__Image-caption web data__
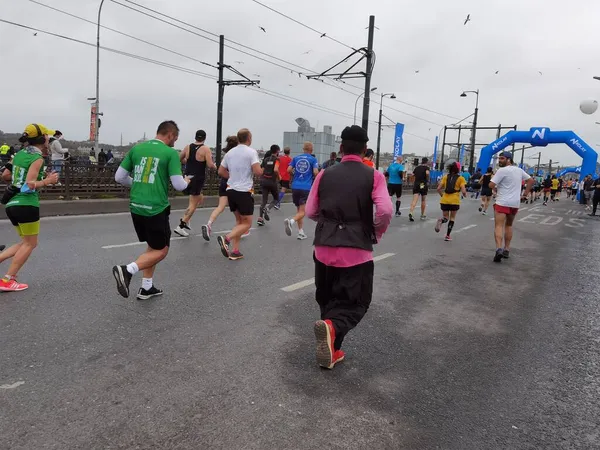 Stanbul Maratonu 2021 Galata Köprüsü Nde Sporcular — Stok fotoğraf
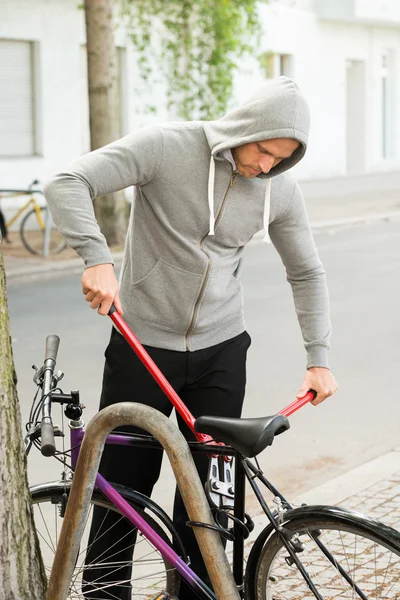 Dief proberen in te breken vergrendelen — Stockfoto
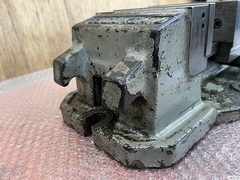 津田駒 油圧バイス VH-150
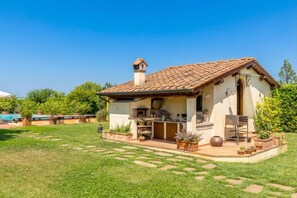 Familjevilla - flera sovrum (Villa Pallina With Pool) | Terrass/Patio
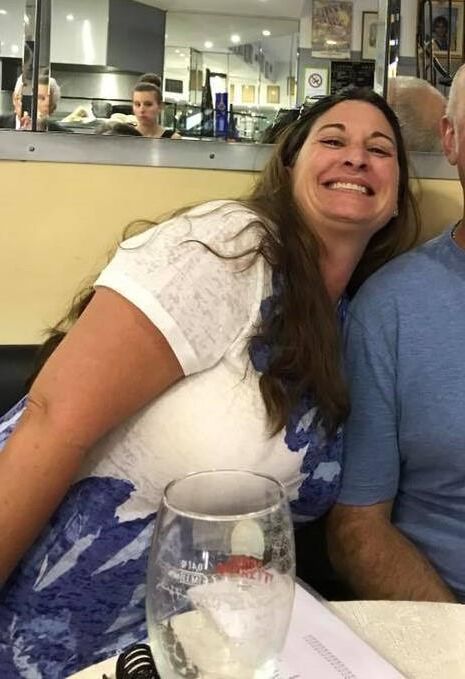 Tracie shows off her bit tits at mardi gras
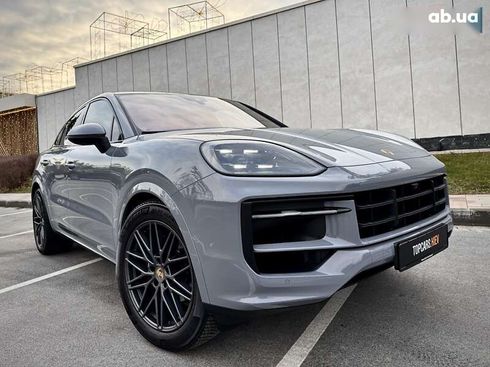 Porsche Cayenne Coupe 2023 - фото 29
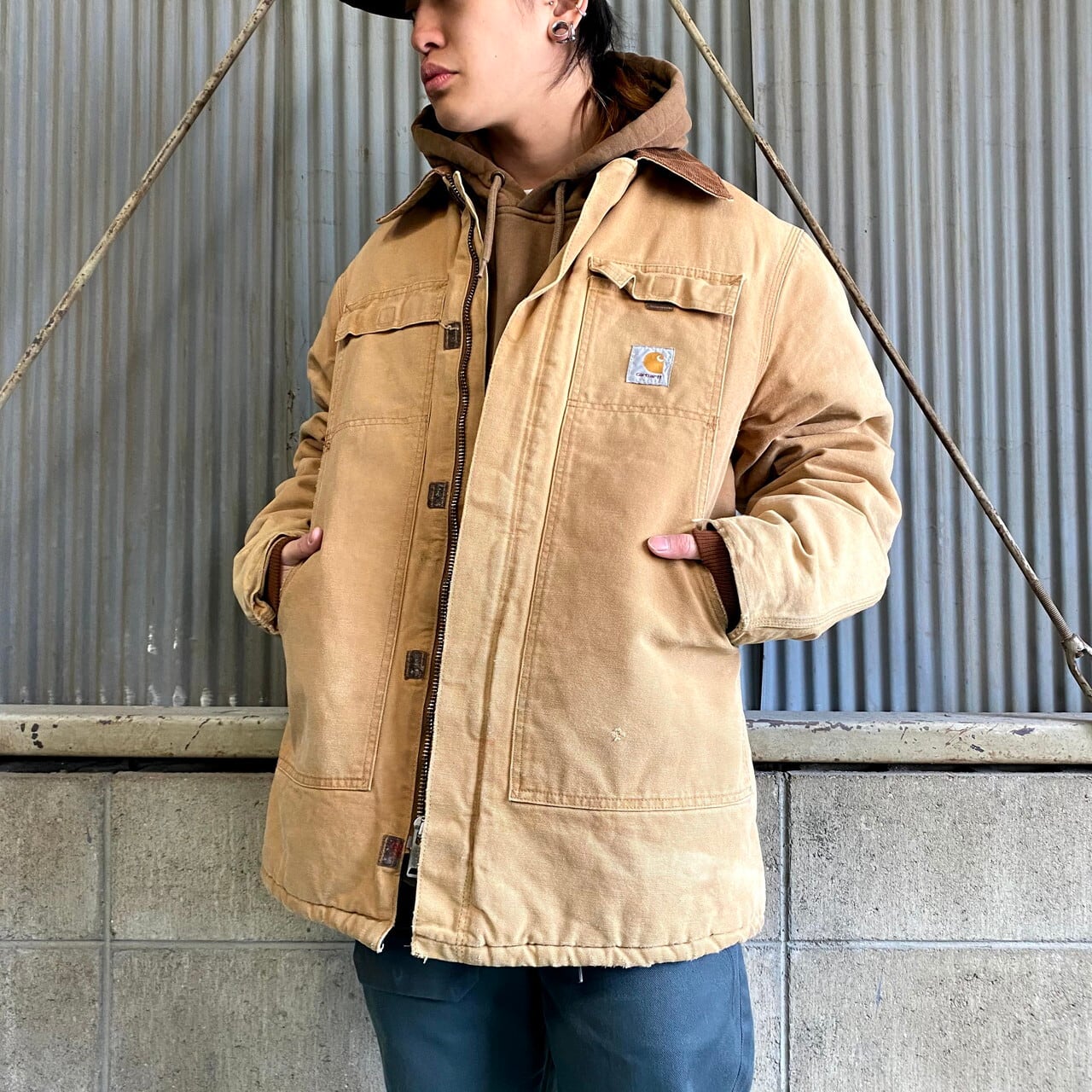 80年代 USA製 カーハート トラディショナルコート ワークジャケット メンズXL 古着 80S ヴィンテージ ビンテージ Carhartt  ダック地 カバーオール 中綿入りキルティングライナー キャメルブラウン 茶色【ワークジャケット】【AL2110】 | cave  古着屋【公式】古着通販サイト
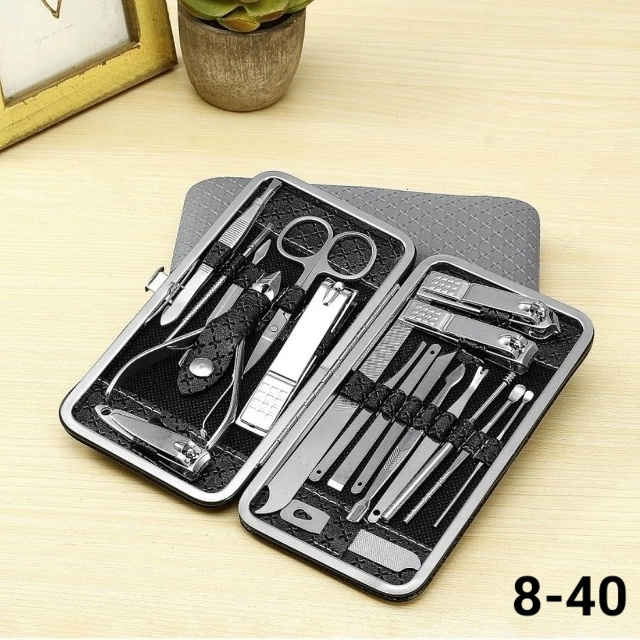 Набор для маникюра и педикюра 23170027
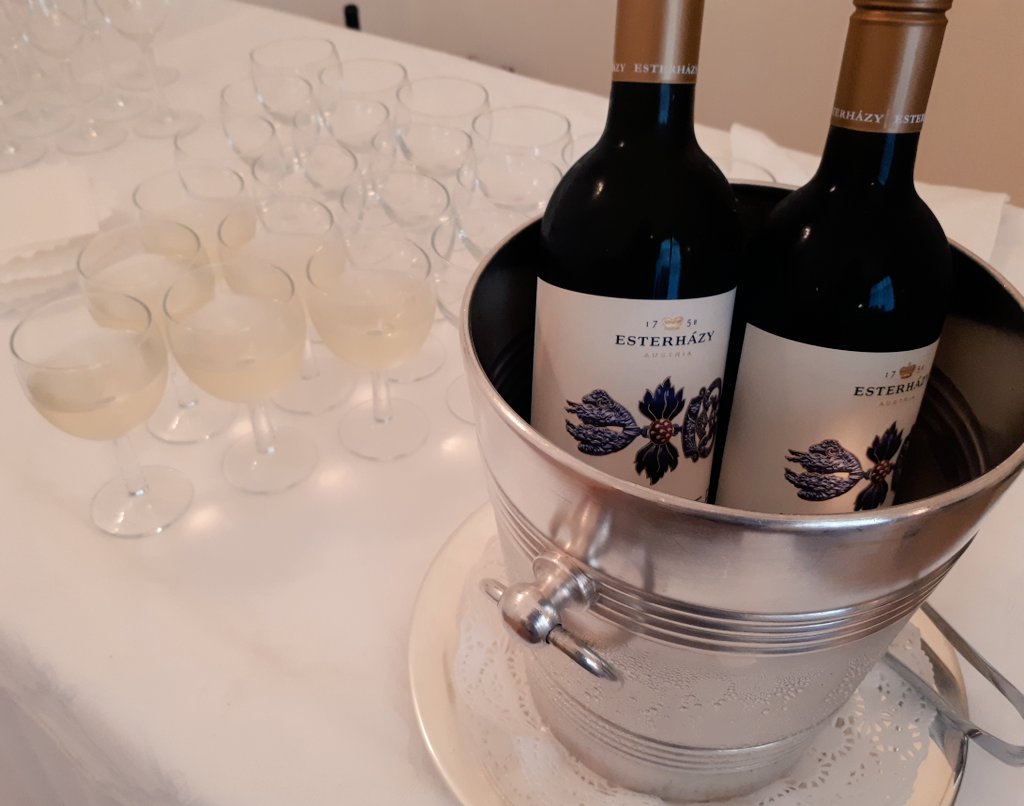 IHuditsch's tweet photo. #Esterhazywein zum Lunch in der Botschaft #Esterhazyontour https://t.co/hpCI43r4KS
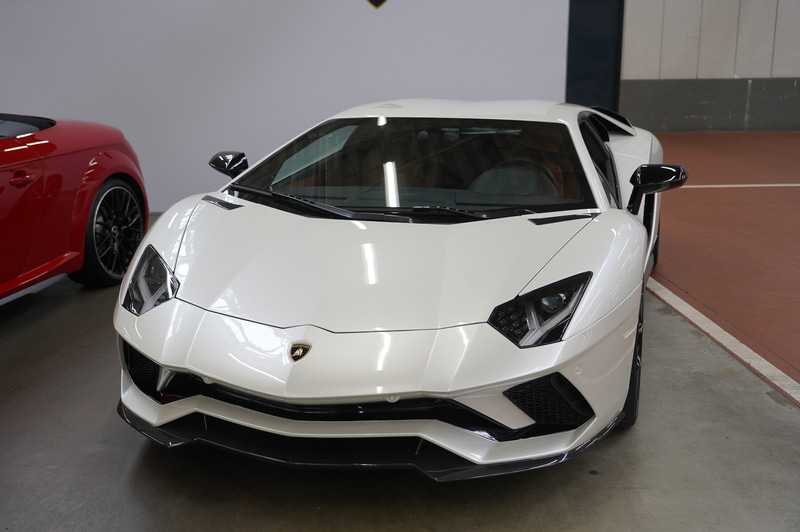 ランボルギーニ アヴェンタドール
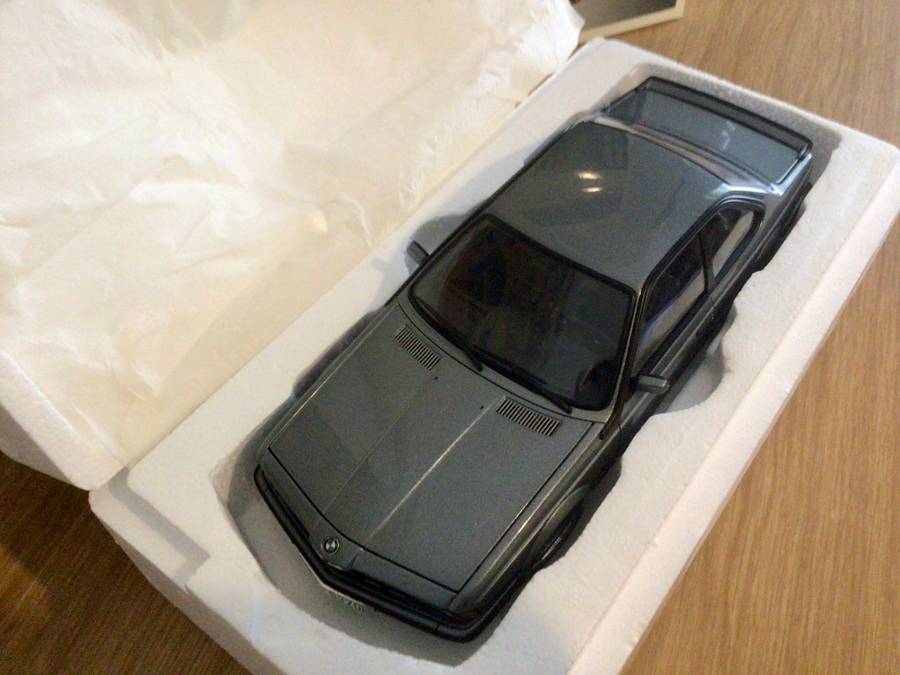 Very Rare AUTOART BMW M635CSi 1/18 Scale Diecast Model Car Boxed!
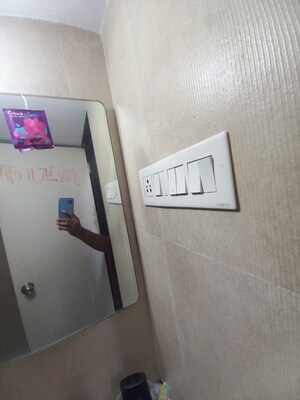 Furnished Amenities in 1 BHK Apartment at Chandak Nishchay, Borivali East – for Rent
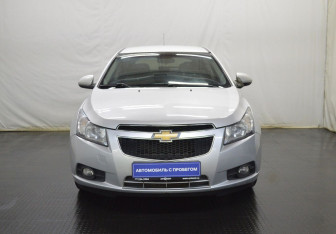 Подержанный автомобиль Chevrolet Cruze Hatchback 2012 года (2 фото)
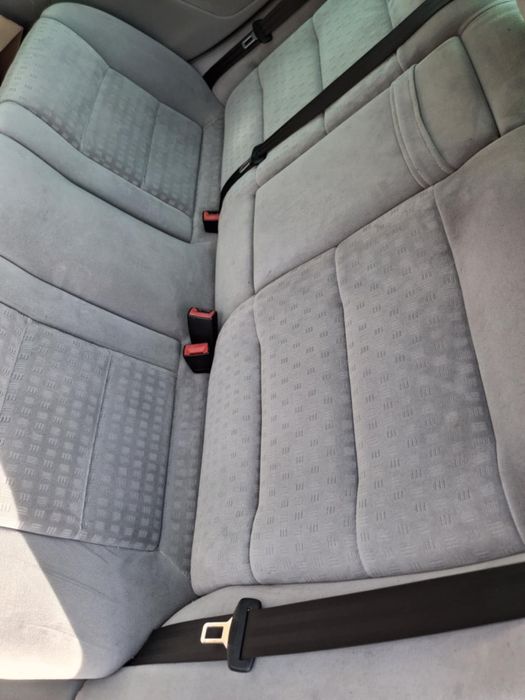 Vând Volkswagen Passat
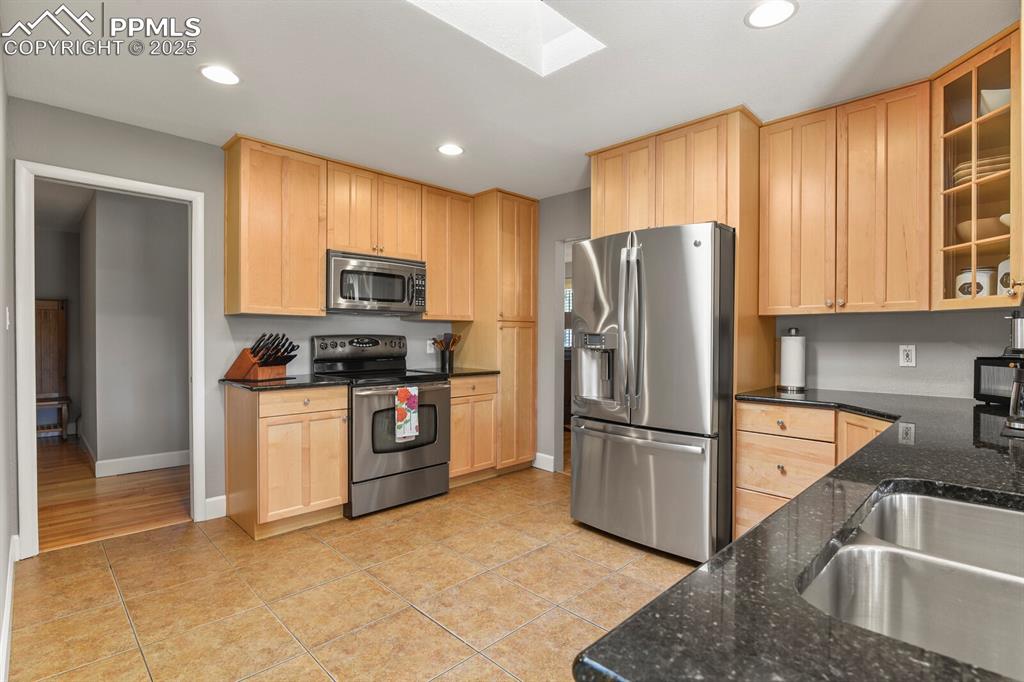 Image 13 of 50: Kitchen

__Try it__
Your answer must consist of the entries, unchanged, with no pictures in it.

__Written solution__
 Stanbul Maratonu 2021 Galata Köprüsü Nde Sporcular — Stok fotoğraf
 Dief proberen in te breken vergrendelen — Stockfoto
 津田駒 油圧バイス VH-150
 Familjevilla - flera sovrum (Villa Pallina With Pool) | Terrass/Patio
 Tracie shows off her bit tits at mardi gras
 Porsche Cayenne Coupe 2023 - фото 29
 80年代 USA製 カーハート トラディショナルコート ワークジャケット メンズXL 古着 80S ヴィンテージ ビンテージ Carhartt  ダック地 カバーオール 中綿入りキルティングライナー キャメルブラウン 茶色【ワークジャケット】【AL2110】 | cave  古着屋【公式】古着通販サイト
 Набор для маникюра и педикюра 23170027
 IHuditsch's tweet photo. #Esterhazywein zum Lunch in der Botschaft #Esterhazyontour https://t.co/hpCI43r4KS
 ランボルギーニ アヴェンタドール
 Very Rare AUTOART BMW M635CSi 1/18 Scale Diecast Model Car Boxed!
 Furnished Amenities in 1 BHK Apartment at Chandak Nishchay, Borivali East – for Rent
 Подержанный автомобиль Chevrolet Cruze Hatchback 2012 года (2 фото)
 Vând Volkswagen Passat
 Image 13 of 50: Kitchen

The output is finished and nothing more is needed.